*Your task*
What you return should match the material below line for line, except that no image appears in it.

*Dataset section*
+ + + + + + +
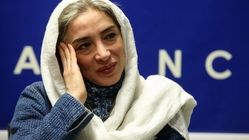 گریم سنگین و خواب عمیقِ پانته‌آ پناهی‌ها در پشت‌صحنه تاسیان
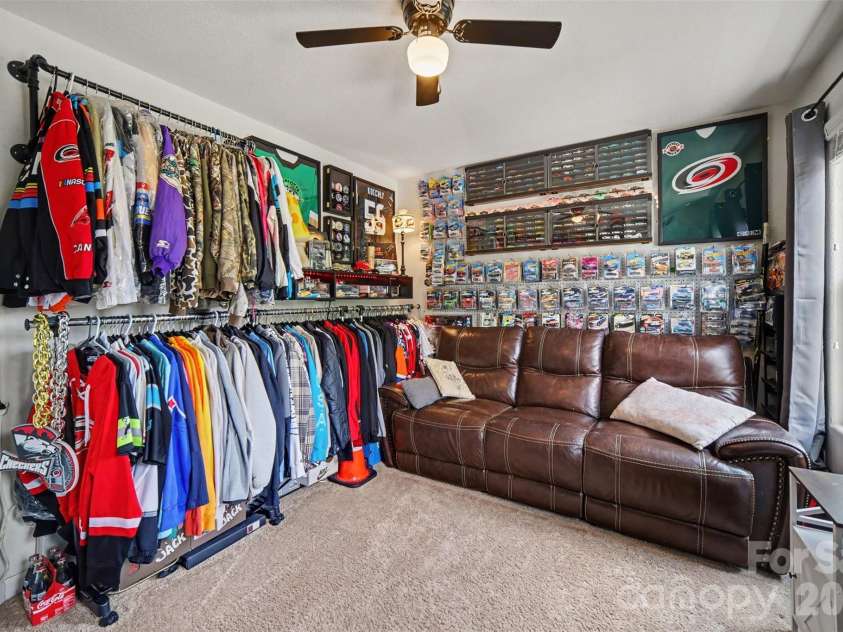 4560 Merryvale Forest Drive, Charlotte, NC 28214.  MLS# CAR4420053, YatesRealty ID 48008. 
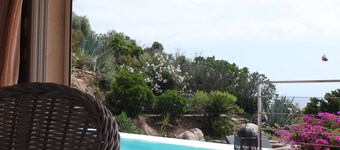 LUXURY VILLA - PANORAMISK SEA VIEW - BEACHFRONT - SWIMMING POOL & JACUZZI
+ + + + + + +
*Response to this exercise*
 گریم سنگین و خواب عمیقِ پانته‌آ پناهی‌ها در پشت‌صحنه تاسیان
 4560 Merryvale Forest Drive, Charlotte, NC 28214.  MLS# CAR4420053, YatesRealty ID 48008. 
 LUXURY VILLA - PANORAMISK SEA VIEW - BEACHFRONT - SWIMMING POOL & JACUZZI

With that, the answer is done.